Solitude. Sideswipe still found it difficult to believe that it had been thirty years since the attack in the cave. That was a blink of an eye for a Transformer, even a warrior like him who spent so much of his time on the front lines face to face with deactivation with every battle fought. Thirty years of solitude. Thirty years of lying still on some bed in the medical facilities, first in Autobot Headquarters and then in Autobot City. Thirty years of nothingness. He turned his head toward his brother lying beside him in the grass. Thirty years of Sunstreaker being alone. No, thirty years was nothing to a Transformer, but it must have been an eternity for one Autobot. Sunstreaker had not mentioned yet what happened all that time ago, the event that put Sideswipe in that state of suspension. Sideswipe suspected that the subject would not be one that was bound to come up. His brother was not the type to dwell on the past when there was nothing that he could do to change it.

He watched Sunstreaker’s still face staring up into the sky. It was something of a wonder that he was out here to begin with. Granted, the sky was cloudless with no chance for rain. The air was dry so there would be no condensation. But seeing Sunstreaker out here was a little surreal.

“It’s quiet up here,” Sunstreaker said suddenly, as if reading Sideswipe’s thoughts. “Nobody comes up here much. Just Bluestreak. Sometimes Gears, of all mechs. Otherwise, it’s a good place to just think.

Sideswipe nodded and turned his head back to the stars. Out of the corner of his optics, he could see the soft glow of the Autobot City. The white structure was almost golden in color under the soft glow of its exterior lights. Two spotlights ranged up into the heavens periodically for some reason or another. Before the attack, he had heard a few grumbles from either Grapple or Huffer about some mystery project that Prime had them working on, complaining about the lack of supplies or the time table or some other mundane thing. Sideswipe thought nothing of it at the time. After all, it was just Grapple and Huffer; they complained all the time. “Can’t be done,” one would say. “Never happen,” the other would grumble. Then MacGyver or mini-MacGyver would make some monstrous and inordinately helpful device from metal shavings and a double-A battery. Ten years of those grumblings and the biggest Transformer that Sideswipe had ever seen was a guardian of Earth.

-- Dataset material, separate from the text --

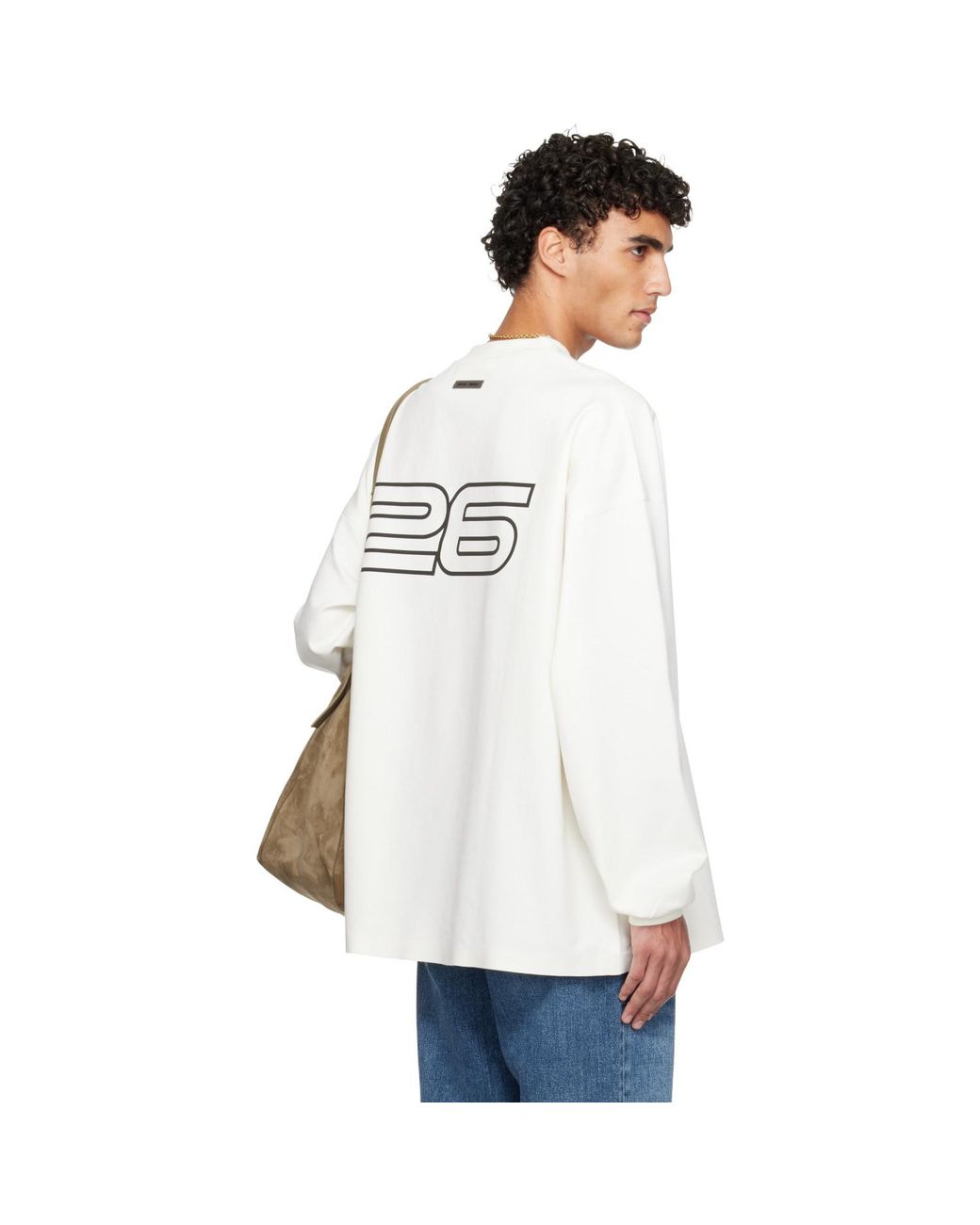 Fear Of God White Off- Holiday Ponte 90S Long Sleeve T-Shirt for men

Sideswipe’s smile started to slip away. Ten years to make a state-of-the-art city Transformer. Earth and Cybertron largely in Autobot hands less than twenty years after the attack. Megatron was dead. Prowl, Ironhide, Ratchet. . . all dead. More stars filled the clear sky, marking more time slipping by him. They seemed to shine brighter than they had before, or maybe it was just that Sideswipe had never really noticed them before. Millions of years of existence and stars were almost a foreign thing to him, useful in guiding him to where he needed to be for his next mission and little else. He watched the sky above him change as the it grew darker and wondered if things always changed so fast. It never seemed like it before. Before and after Earth, he had fought in countless battles. Except for location and the cast of characters, any one of those fights could have taken place at anytime in Sideswipe’s lifetime. Only two ever stood out: his first and his last. And that last one was a new revelation for him. It might have happened thirty years before, but it was still five hours old to him.

Sideswipe closed his optics for a moment and opened them again. The stars were still there above him. They seemed static, like this moment in time did. But he knew those stars would continue to change. More would rise while others set. A shooting star streamed overhead. He recalled once when Spike said humans made wishes on those. Sideswipe remembered laughing at him. Now though, he made a wish. He wished that the stars would stay there forever, even when he was sure that they would fall again.

* * *

“I'll tell you what,” Sunstreaker growled, staring down at the smaller Autobot. “How about I tell you the reason that I jumped on that shuttle was to come here and then you go tell Magnus?”

Sideswipe could tell by his tone that Sunstreaker had not meant the last sentence as a question. They had just reentered Autobot City when Goldbug came walking down the hallway towards them, requesting that Sunstreaker follow him. Now, after a little give and take by Sunstreaker trying to find out why Ultra Magnus wanted to see him, Sunstreaker stood with his armed crossed tightly over his chest staring down at the smaller Autobot. But Goldbug simply shrugged, a smirk that showed itself in his optics hidden behind his face mask.

“Sorry, Sunstreaker,” he stated, “but he wants to talk to you about it. I guess you stirred up a minor panic when you just took off like that. All anybody knew was that there was an unauthorized shuttle flying toward Earth. Before they discovered why you jumped the shuttle, Nebulos command shifted Fortress Maximus into battle station mode thinking you were tailing an attacker.” Goldbug's optics shifted uncomfortably, as if he knew what sort of reaction his next statement would have.

“They, uh, need your statement for the report on the energon usage during the transformation.”

Sideswipe felt a smile grow across his face as a dumbfounded look quickly etched across his brother's face. For several seconds, he simply stared at Goldbug menacingly before finally throwing his arms into the air.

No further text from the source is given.